Anonymous

If you’re reading this, open up to your loved ones. 

Recovery can be a life-long battle, and pretending you can handle it on your own isn’t the answer.

It has taken me five years of recovery-relapse-recovery-relapse to understand that recovery may be a life-long journey and that is okay. For my impatient “I want results now” self… let’s just say this has been a hard pill to swallow. I thought that if I saw every eating disorder professional under the sun upwards of three times a week that eventually I would hit a point where my brain would be healed and I would never have to deal with this scary disease again.

Wrong.

I’ve relapsed so many times. I was hospitalized my senior year of high school for suicidality and thought that would be a wakeup call. Nope. I relapsed right before coming into my freshman year of college and had to spend my first year hiding my secret doctor’s appointments from everyone. I relapsed coming into my second year and relapsed again about six months ago. Relapse, relapse, relapse.

I think I’ve finally discovered why I keep relapsing. It’s not because the doctors I work with aren’t good enough, my medication isn’t strong enough, or my family isn’t supportive enough. Absolutely none of these are true. It’s because I keep pretending that I am okay and that I can take on anything in life with no help from anyone.

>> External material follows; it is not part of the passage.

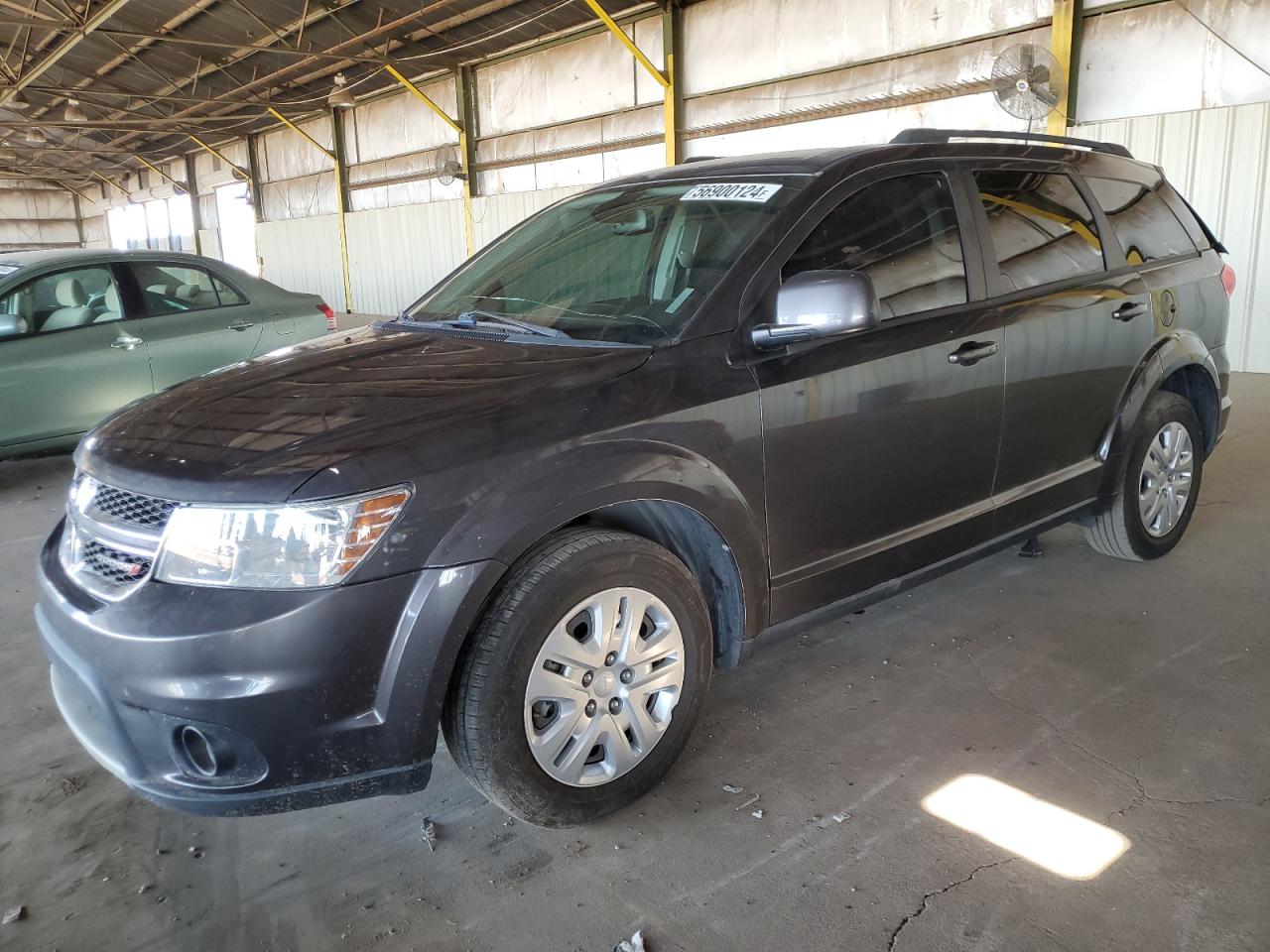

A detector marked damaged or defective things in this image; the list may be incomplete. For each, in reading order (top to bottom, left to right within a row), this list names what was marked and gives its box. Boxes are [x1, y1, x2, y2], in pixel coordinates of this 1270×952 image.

Until recently, even my closest friends had no idea I was struggling with a mental health disorder. I was too ashamed to ask for help or share these deep parts of me for a very long time. My friends would share very important things about themselves, and in those vulnerable moments, I would continue to provide advice and a listening ear without opening up a single bit. Years of becoming the friend who never shared anything but gave so much of herself molded me into a habit of pretending that became detrimental. Pretending that I had everything together was the most important thing in my life, and the person whose inner thoughts I knew was very different from the person most people knew.

It wasn’t until I began to reach out to people who are important to me to let them know what was really going on (and had been for the past five years) that I felt freer. Talking to someone about something you’re ashamed of feels like a weight has been taken off your shoulders. It allows you to accept that your battle may be lifelong but you have so many people who will walk alongside you in it. Knowing that you may struggle with something for the rest of your life is no easy thing to accept. It’s scary and makes the future extremely unknown. But if you accept the idea that you are not perfect just like those you care about aren’t, then you can accept that you will get whatever support you need and that you deserve it.

Please, if you’re reading this, open up to your loved ones. Everyone has their life-long struggles and mine is an eating disorder. Learn to accept all parts of you, and share with those you care about, so they can love you the best way they know how.